Data below START

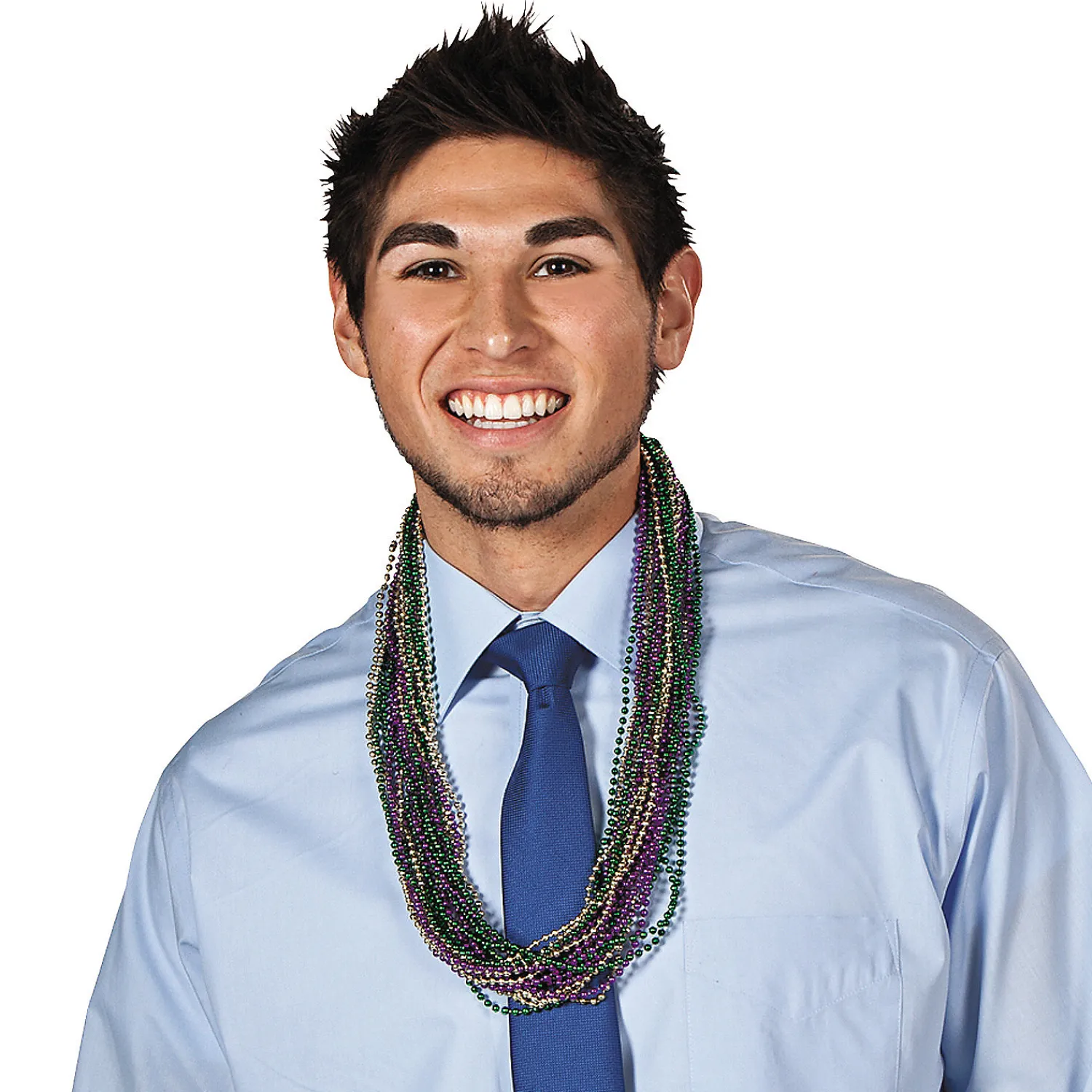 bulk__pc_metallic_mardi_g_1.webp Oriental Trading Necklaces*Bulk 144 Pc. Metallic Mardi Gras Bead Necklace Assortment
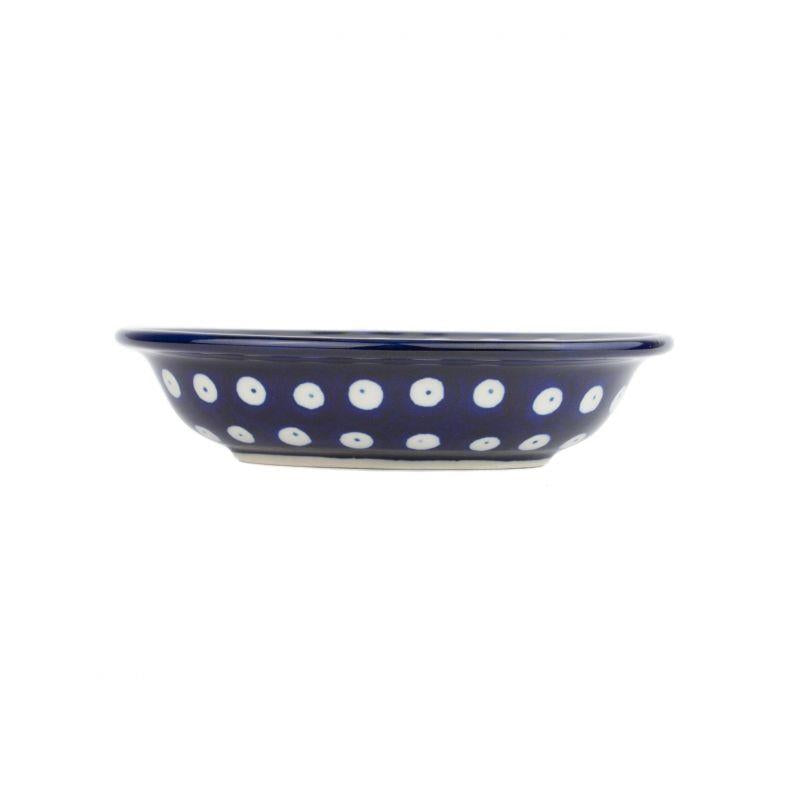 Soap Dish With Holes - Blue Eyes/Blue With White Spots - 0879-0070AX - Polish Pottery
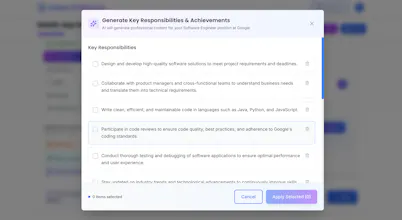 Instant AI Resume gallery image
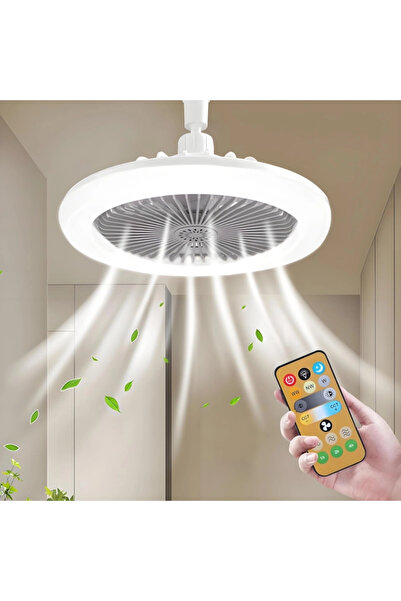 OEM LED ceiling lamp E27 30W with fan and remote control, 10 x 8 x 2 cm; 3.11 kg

Data below END

### Problem to solve
Hand back the data above exactly, with no images.

### Exercise solution
 bulk__pc_metallic_mardi_g_1.webp Oriental Trading Necklaces*Bulk 144 Pc. Metallic Mardi Gras Bead Necklace Assortment
 Soap Dish With Holes - Blue Eyes/Blue With White Spots - 0879-0070AX - Polish Pottery
 Instant AI Resume gallery image
 OEM LED ceiling lamp E27 30W with fan and remote control, 10 x 8 x 2 cm; 3.11 kg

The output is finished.